Apart from the images, repeat the data below exactly as written.

[PROVIDED DATA]
□ □ □ □
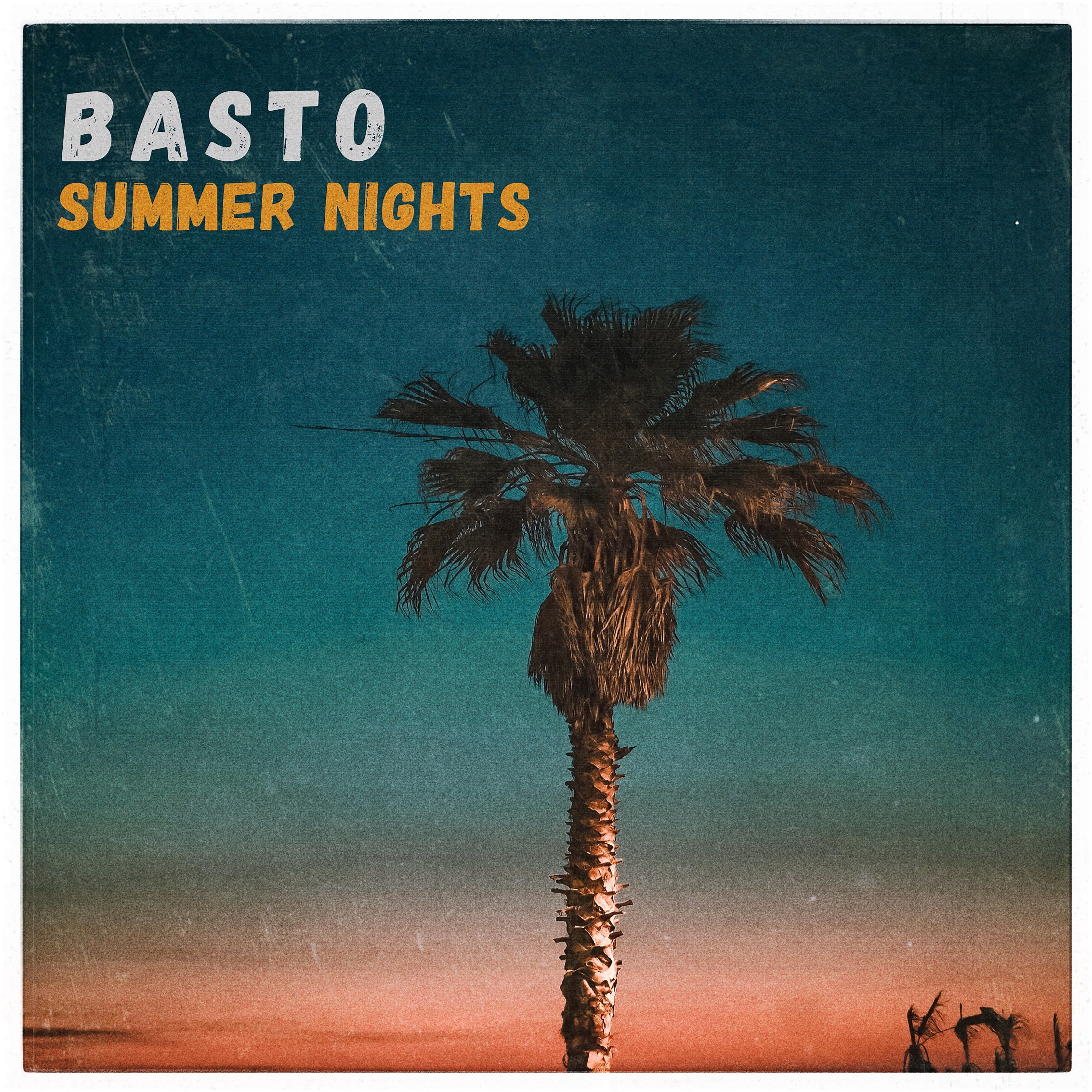Summer Nights - Single album cover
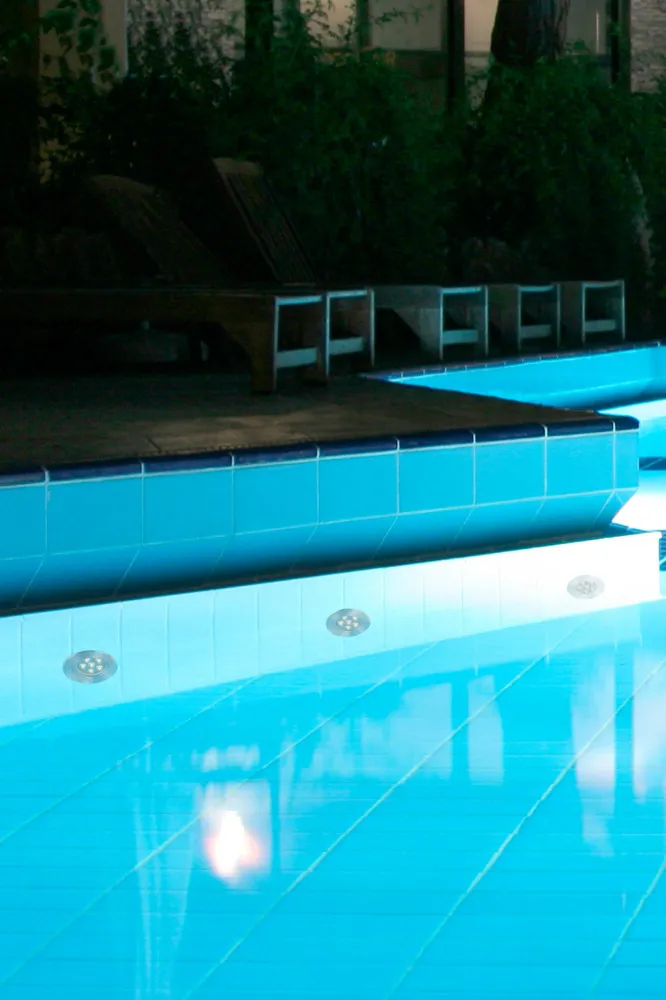 Edel Recessed LED Headlight Faro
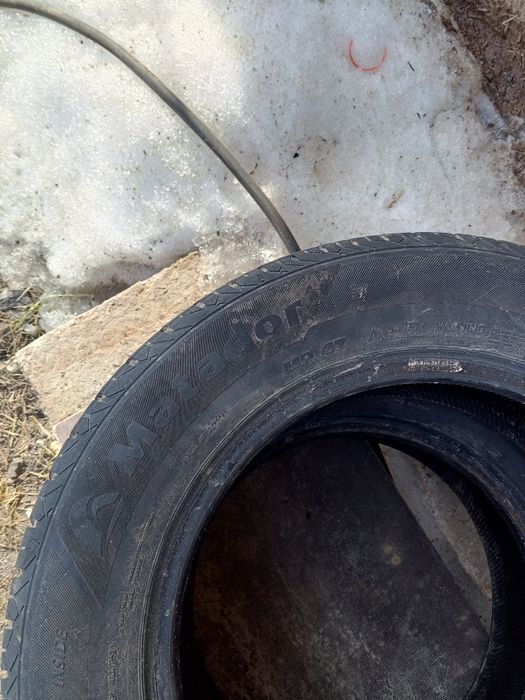 Продам летнюю резину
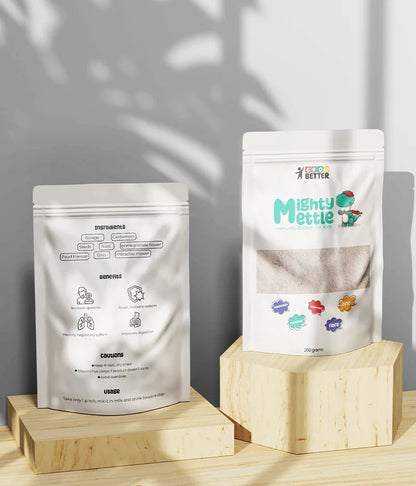 Mighty Mettle - Immunity Booster For Kids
□ □ □ □
[SOLUTION]
Summer Nights - Single album cover
 Edel Recessed LED Headlight Faro
 Продам летнюю резину
 Mighty Mettle - Immunity Booster For Kids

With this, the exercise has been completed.